____ Record extracts

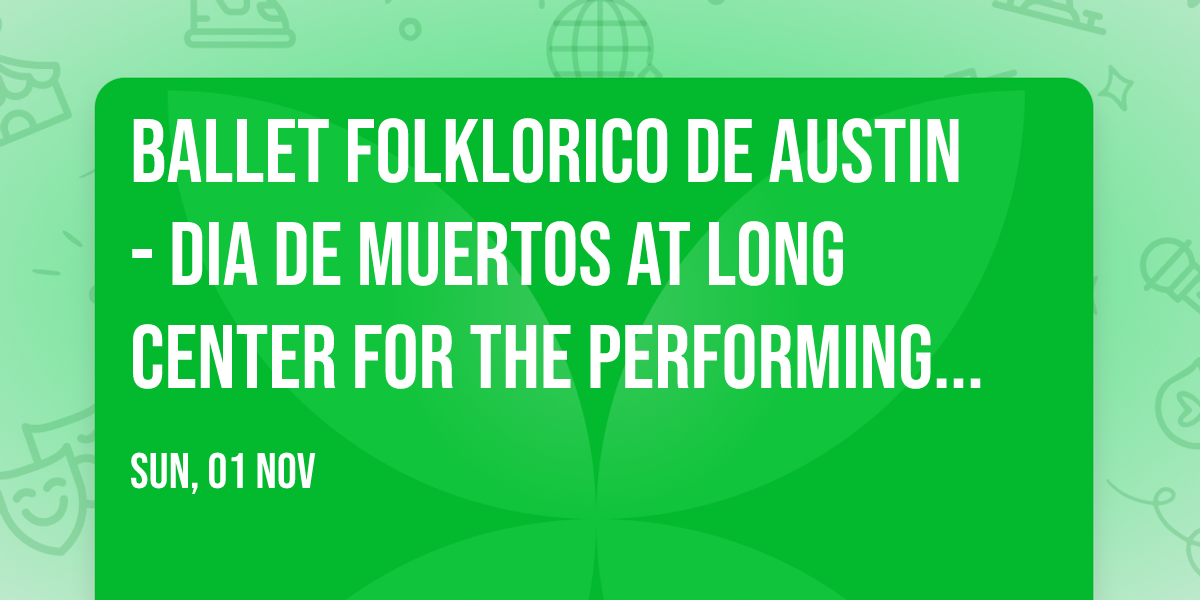 Ballet Folklorico de Austin - Dia de Muertos at Long Center for the Performing Arts - Dell Hall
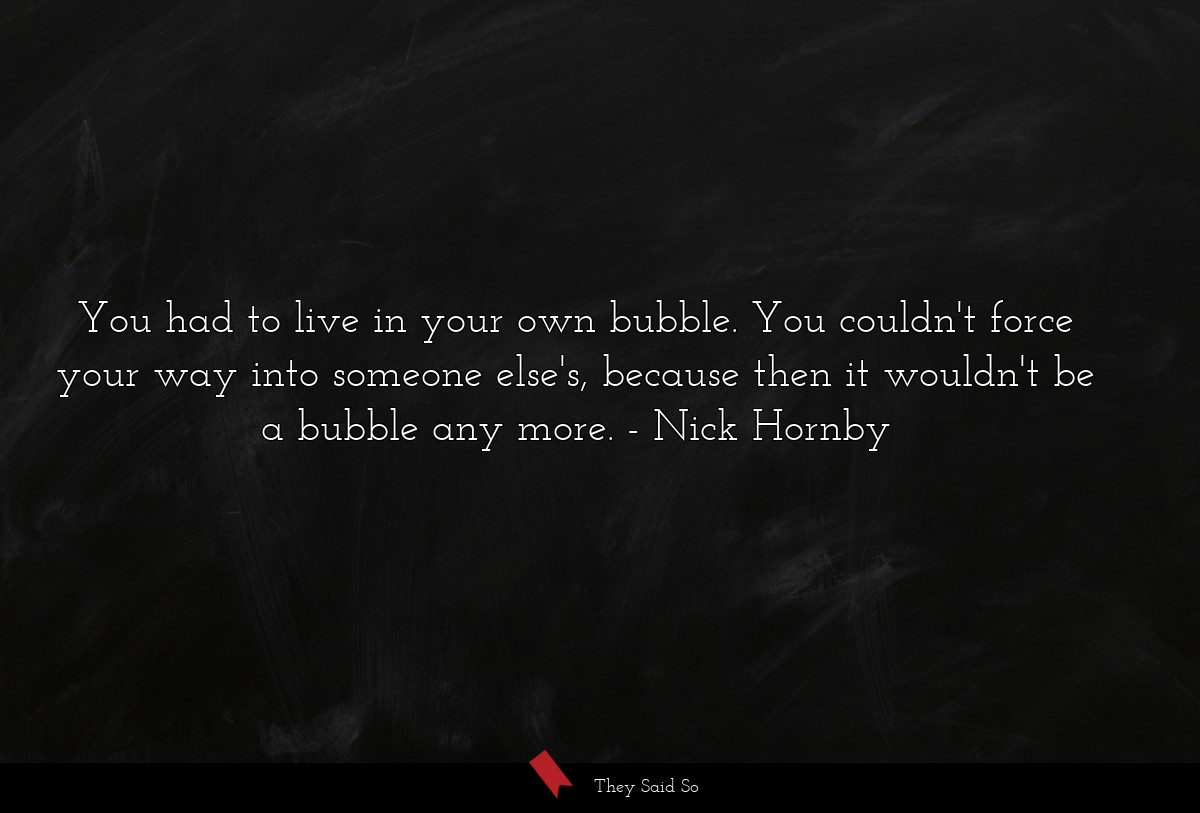 You had to live in your own bubble. You couldn't... | Nick Hornby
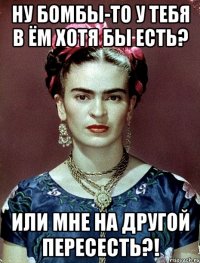 Ну бомбы-то у тебя в ём хотя бы есть? Или мне на другой пересесть?!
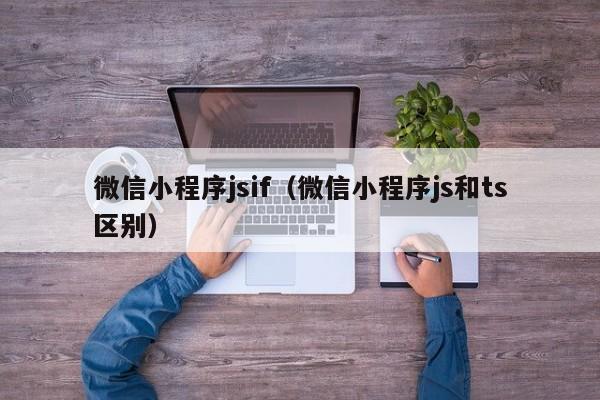 微信小程序jsif（微信小程序js和ts区别）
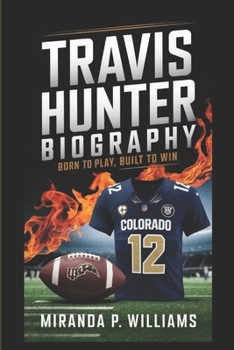 TRAVIS HUNTER BIOGRAPHY: Born to Play, Built to Win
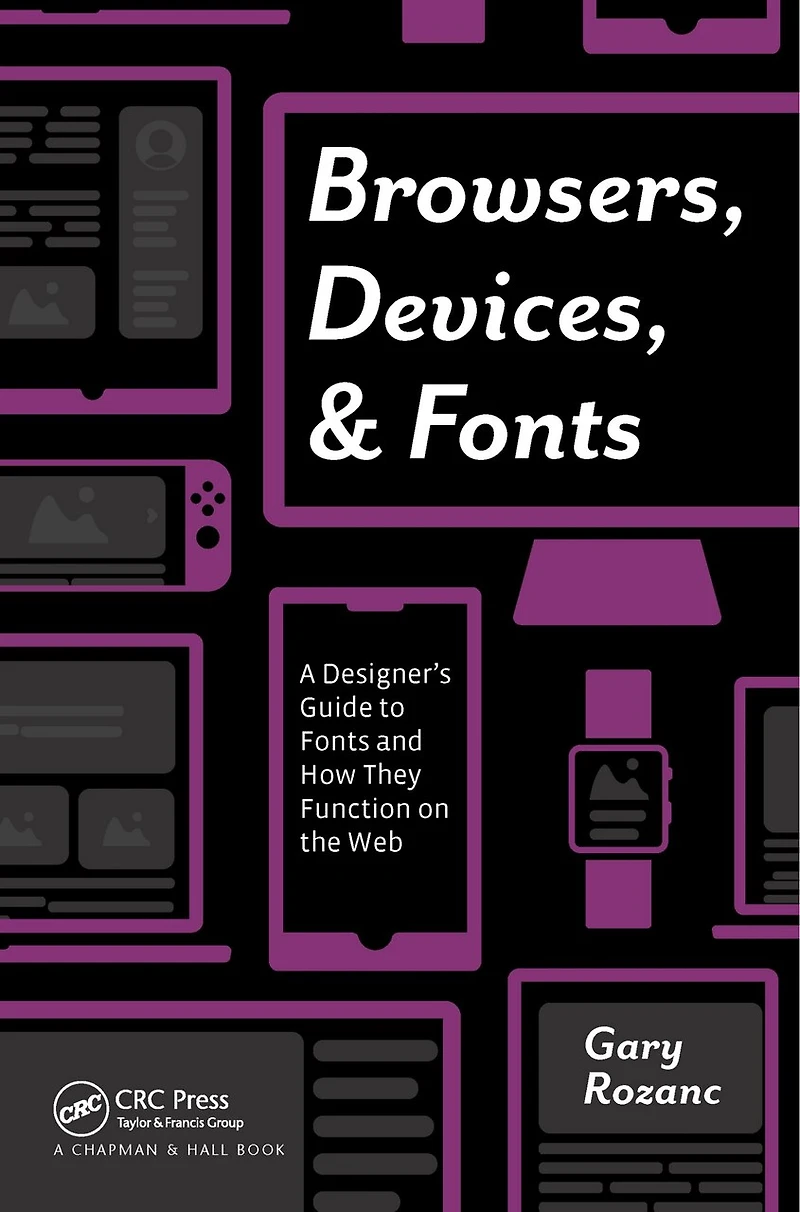 Browsers, Devices, and Fonts: A Designer's Guide to Fonts How They Function on the Web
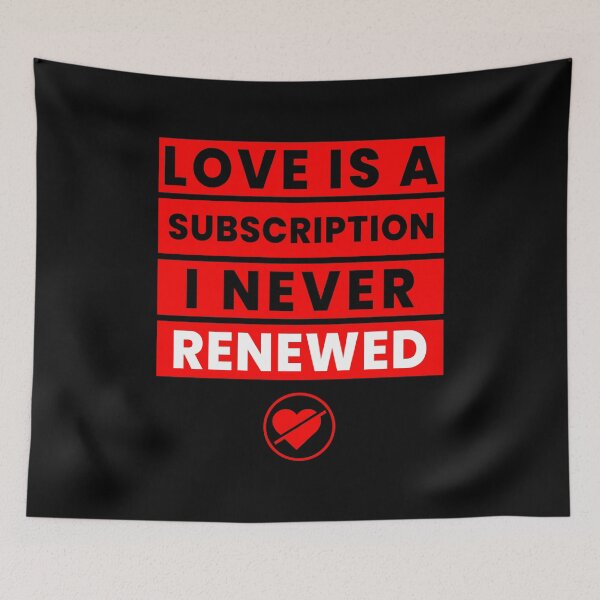 Item preview, Love Is a Subscription I Never Renewed | Anti-Love Streetwear Typography designed and sold by Kewessthetic.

________

## [What is expected]
Hand back the data exactly as it appears, with all pictures cut.

## [Answer for the task]
 Ballet Folklorico de Austin - Dia de Muertos at Long Center for the Performing Arts - Dell Hall
 You had to live in your own bubble. You couldn't... | Nick Hornby
 Ну бомбы-то у тебя в ём хотя бы есть? Или мне на другой пересесть?!
 微信小程序jsif（微信小程序js和ts区别）
 TRAVIS HUNTER BIOGRAPHY: Born to Play, Built to Win
 Browsers, Devices, and Fonts: A Designer's Guide to Fonts How They Function on the Web
 Item preview, Love Is a Subscription I Never Renewed | Anti-Love Streetwear Typography designed and sold by Kewessthetic.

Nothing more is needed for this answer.